- [Material to process]:

---

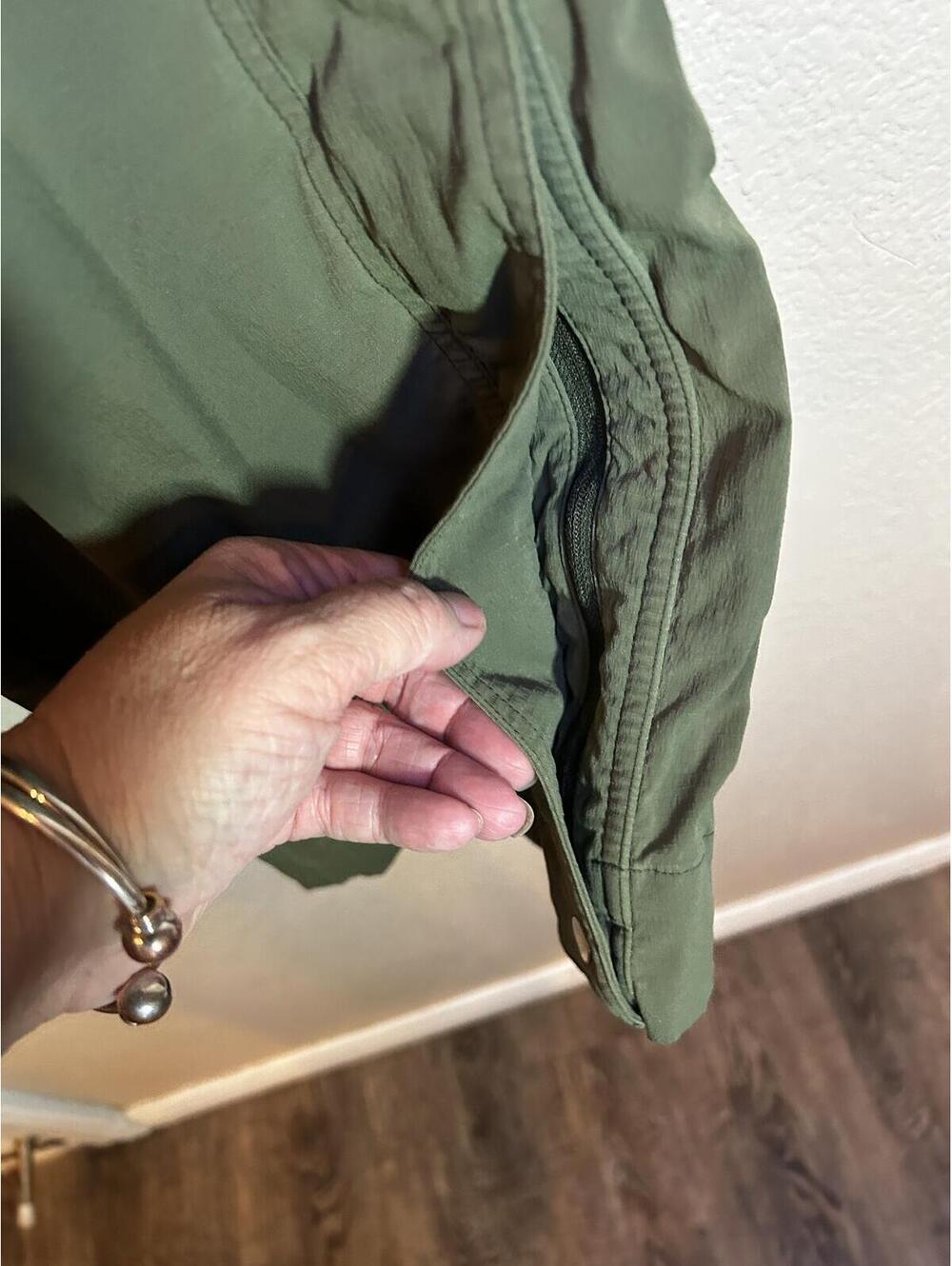 Athleta Olive Green Relaxed Fit Casual Pants Size 12/P - Picture 6 of 7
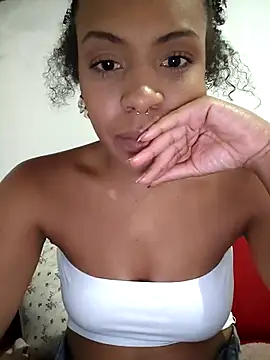 Julia Pretinha online show from May 3, 2026, 11:44 pm
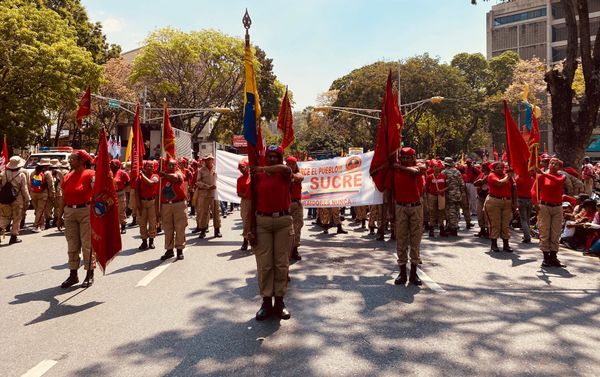 Varias mujeres encabezando la marcha por el Dia de la Mujer en Caracas portando la bandera venezolana como estandarte de la manifestacion en la avenida Universidad, una de las vias principales del recorrido. Varias mujeres encabezando la marcha por el Dia de la Mujer en Caracas portando la bandera venezolana como estandarte de la manifestacion en la avenida Universidad, una de las vias principales del recorrido. - Sputnik Mundo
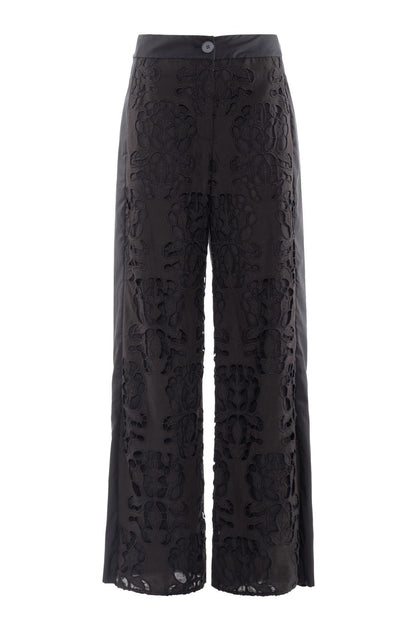 Pantalone Nenette in sangallo con intagli donna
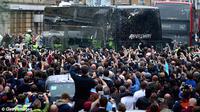 Bus Pemain MU diserang fans Wes Ham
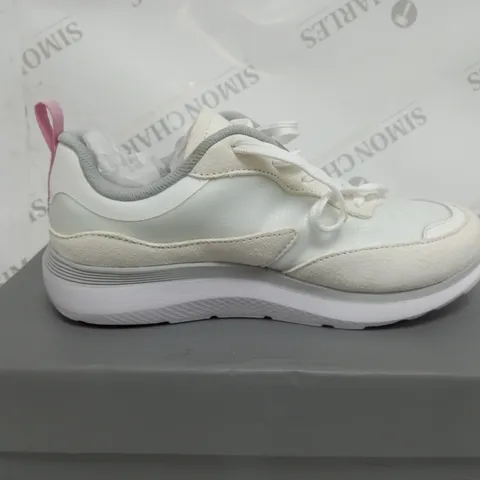 BOXED PAIR OF VIONIC DESIGNER TRAINERS - WHITE - UK SIZE 5.5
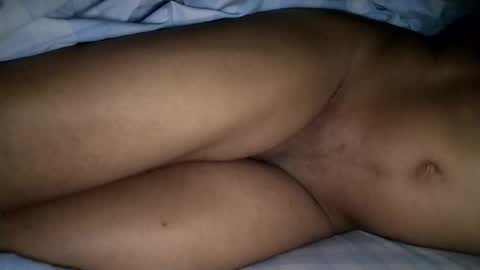 Snapshot of mulato44 chatting on January 5, 7:38 am Laly online show from January 5, 7:38 am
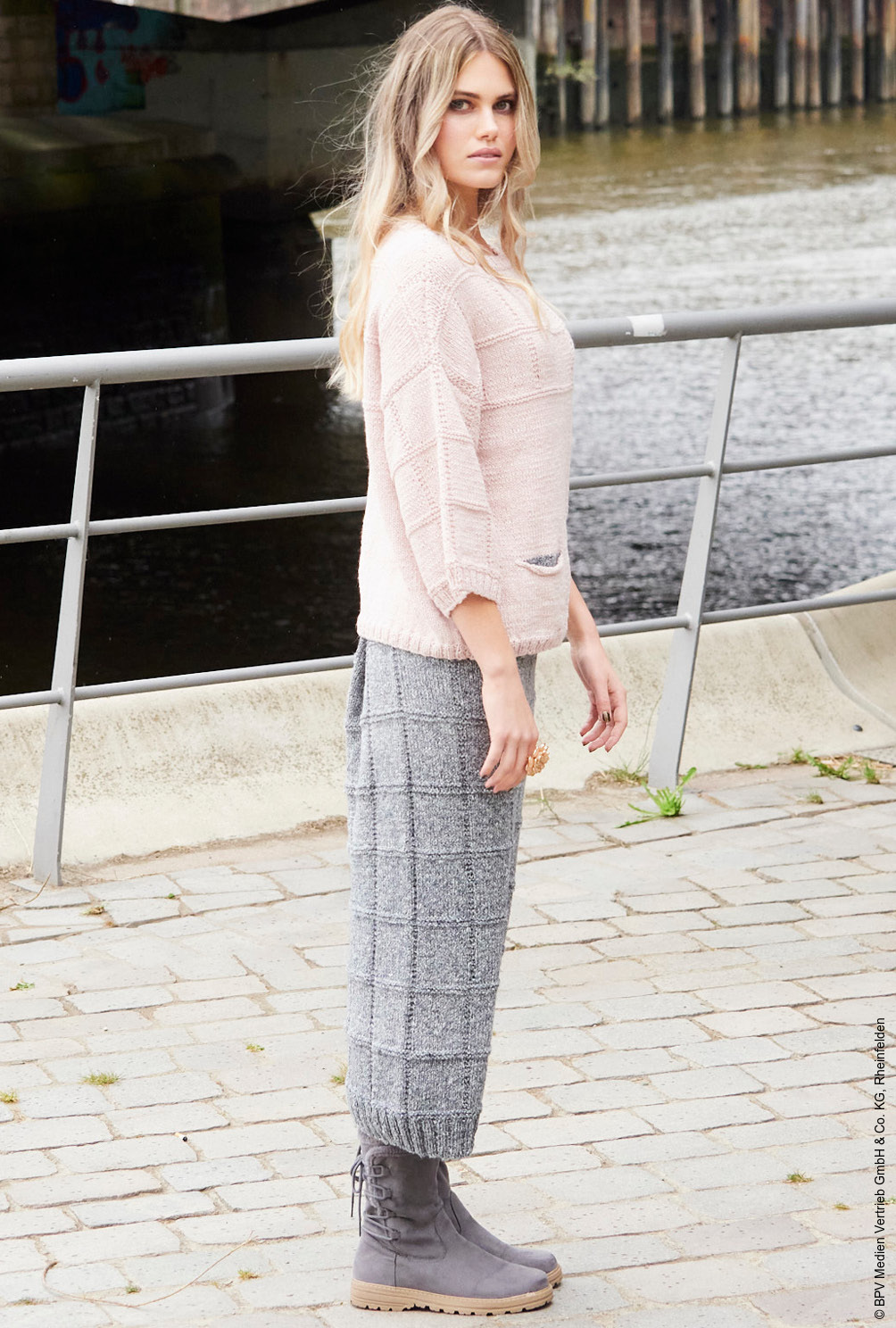 Modellansicht Bild 4: Roséfarbener Pulli mit grauem Rock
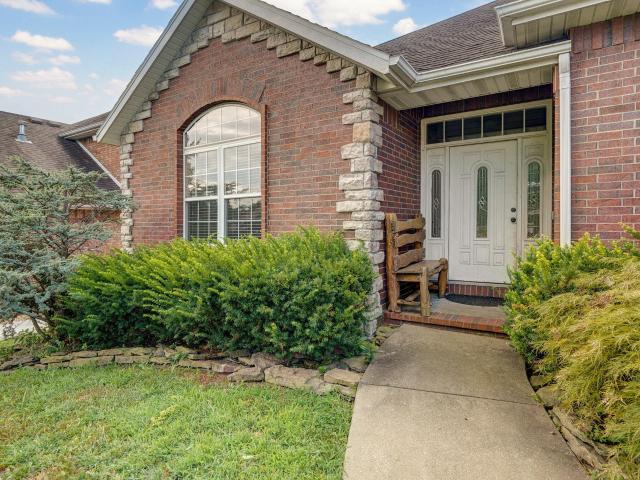 3862 W Vincent Drive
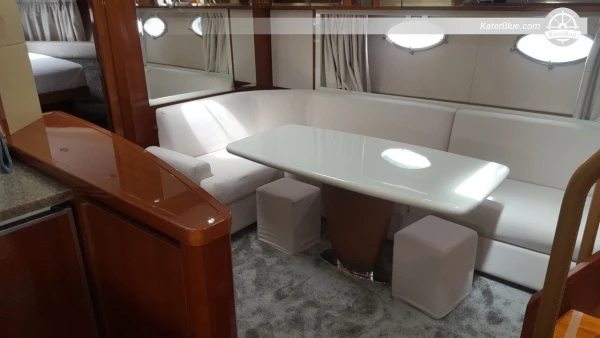 Komfort och stilfull motoryacht för höghastighetskryssning i Tirana, Albanien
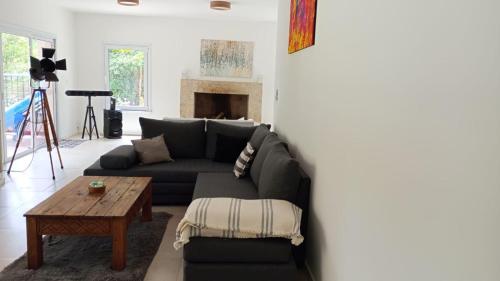 Wonderful Luxury House in Benavidez Wonderful Luxury House in Benavidez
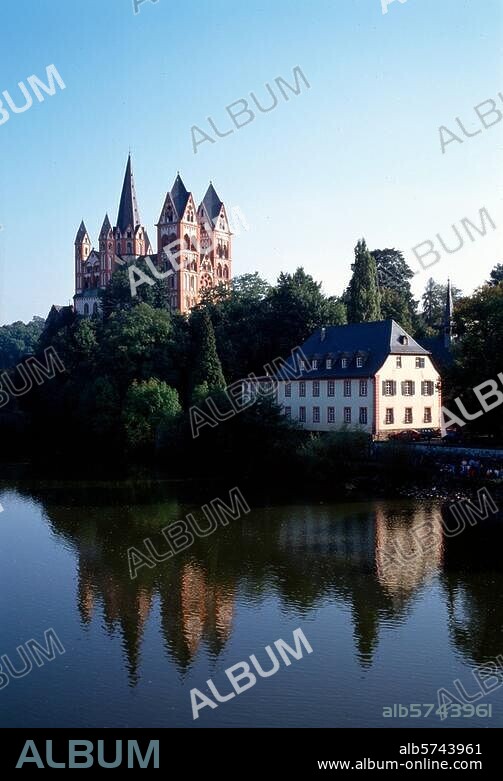 Limburg an der Lahn (Hessen), Dom St. Georg. (spätromanisch, um 1215 begonnen, geweiht 1235, Mitte 13. Jh. vollendet). Blick auf den Domhügel von Nordwesten. Foto.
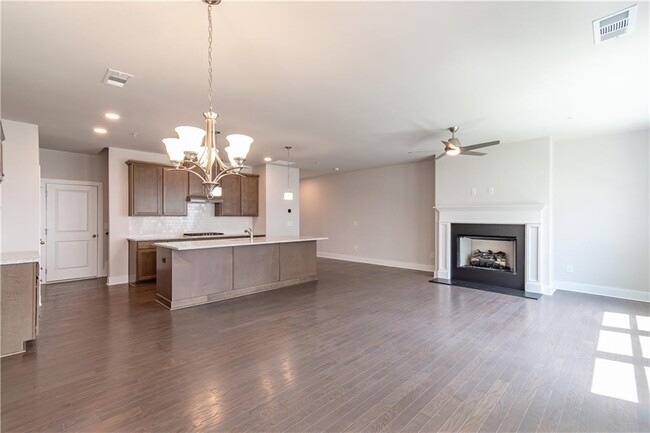 Building Photo - 1239 Waterfall Ct
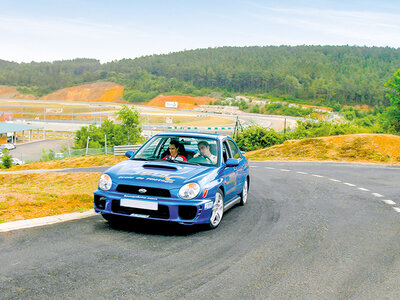 Coffret cadeau Stage rallye 12 tours sur circuit au volant d'une Subaru Impreza STI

---

- [To do]:
Pictures should be omitted. Please return exactly the lines from the line that holds "3862 W Vincent Drive" through the end of the records.

- [Output below]:
 3862 W Vincent Drive
 Komfort och stilfull motoryacht för höghastighetskryssning i Tirana, Albanien
 Wonderful Luxury House in Benavidez Wonderful Luxury House in Benavidez
 Limburg an der Lahn (Hessen), Dom St. Georg. (spätromanisch, um 1215 begonnen, geweiht 1235, Mitte 13. Jh. vollendet). Blick auf den Domhügel von Nordwesten. Foto.
 Building Photo - 1239 Waterfall Ct
 Coffret cadeau Stage rallye 12 tours sur circuit au volant d'une Subaru Impreza STI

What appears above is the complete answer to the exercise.